If you do want to buy saltwater fish in New York City, you have several options. There are several large chain pet stores that sell saltwater fish. You may have heard here or elsewhere that many hobbyists avoid such places when they can. It has been my personal experience that quite often the salespeople are inexperienced and more interested in moving product than anything else. I'm sure, though, that that is not necessarily the case at all of them.

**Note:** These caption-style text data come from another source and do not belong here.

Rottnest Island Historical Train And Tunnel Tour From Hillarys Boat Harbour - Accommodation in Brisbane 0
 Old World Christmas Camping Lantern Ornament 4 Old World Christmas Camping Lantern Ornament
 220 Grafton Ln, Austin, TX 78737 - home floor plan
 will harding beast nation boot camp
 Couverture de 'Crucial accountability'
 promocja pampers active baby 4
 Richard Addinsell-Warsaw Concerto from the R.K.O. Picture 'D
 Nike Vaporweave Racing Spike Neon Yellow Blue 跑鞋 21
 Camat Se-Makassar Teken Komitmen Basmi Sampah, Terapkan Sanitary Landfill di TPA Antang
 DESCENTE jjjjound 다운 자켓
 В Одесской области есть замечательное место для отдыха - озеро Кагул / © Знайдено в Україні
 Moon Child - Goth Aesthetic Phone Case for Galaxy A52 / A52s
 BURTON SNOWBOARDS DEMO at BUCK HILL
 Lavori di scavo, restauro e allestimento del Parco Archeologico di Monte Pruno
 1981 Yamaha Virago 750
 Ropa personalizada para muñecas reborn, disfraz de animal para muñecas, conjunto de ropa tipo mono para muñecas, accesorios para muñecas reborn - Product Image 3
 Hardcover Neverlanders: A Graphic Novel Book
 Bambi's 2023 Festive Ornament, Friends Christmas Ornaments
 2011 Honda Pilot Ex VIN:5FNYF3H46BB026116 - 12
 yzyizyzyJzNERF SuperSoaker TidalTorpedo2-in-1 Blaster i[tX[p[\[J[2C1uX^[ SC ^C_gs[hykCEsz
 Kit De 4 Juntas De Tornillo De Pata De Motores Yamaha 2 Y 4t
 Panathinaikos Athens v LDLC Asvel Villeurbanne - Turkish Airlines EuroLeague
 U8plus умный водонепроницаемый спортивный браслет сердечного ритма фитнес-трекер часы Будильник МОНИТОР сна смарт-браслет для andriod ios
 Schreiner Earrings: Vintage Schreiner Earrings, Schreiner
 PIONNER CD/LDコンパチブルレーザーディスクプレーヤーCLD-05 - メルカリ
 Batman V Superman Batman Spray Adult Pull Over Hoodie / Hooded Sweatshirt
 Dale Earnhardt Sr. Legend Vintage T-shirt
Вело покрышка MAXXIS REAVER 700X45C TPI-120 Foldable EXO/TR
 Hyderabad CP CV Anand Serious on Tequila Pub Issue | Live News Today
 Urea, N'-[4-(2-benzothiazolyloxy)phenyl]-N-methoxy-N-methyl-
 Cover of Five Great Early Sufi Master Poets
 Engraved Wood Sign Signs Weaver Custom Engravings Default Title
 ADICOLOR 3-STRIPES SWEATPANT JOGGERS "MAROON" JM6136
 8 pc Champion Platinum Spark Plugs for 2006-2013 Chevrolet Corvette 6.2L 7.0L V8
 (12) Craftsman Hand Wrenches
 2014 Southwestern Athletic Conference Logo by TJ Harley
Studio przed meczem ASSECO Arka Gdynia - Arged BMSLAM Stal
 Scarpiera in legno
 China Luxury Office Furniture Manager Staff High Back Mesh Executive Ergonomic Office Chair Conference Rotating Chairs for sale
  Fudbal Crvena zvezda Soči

As you likely know from your experience with freshwater fish, many hobbyists prefer to go to dedicated aquarium stores or pet stores with a more "ma and pa" feel that sell fish and know what they are doing. Options are limited in NYC, but I managed to find a dedicated aquarium store, New World Aquarium, on 38th street between 2nd and 3rd avenues. It is closer to 3rd avenue. I can't speak for their prices, but they have a good number of saltwater fish. I haven't had much interaction with their sales staff, but I have seen the same people there repeatedly and whenever I ask if fish A and fish B they sell there are compatible, the answer seems to always be no. They either know and care about what they're doing or are simply masochists and don't want to make sales 

As for equipment, you may be able to find good deals on craigslist. I heard there may be issues with setting up a reef tank in a used aquarium because of chemicals the previous setup may have been treated with. I don't know too much about it and I could be wrong, but you may want to look into it and know if there are any questions you should ask a prospective seller so that you don't limit your options off the bat.

As for ordering fish tanks online, refer to my comments about my experience with shipping above and multiply it by 10, lol. I'm sure many people's aquariums arrive safe and sound, but I would prefer to carry one out of someplace myself.

Anyhow, I look forward to hearing about your saltwater experience!

Mike 

ADDENDUM: The TV stand I ordered (from a "real store") off of Ebay just arrived. You'll never guess, it arrived BROKEN


----------



## Leb (Jun 14, 2007)

Thanks for all the advice Mike.. Ill check out the place on 38th street


----------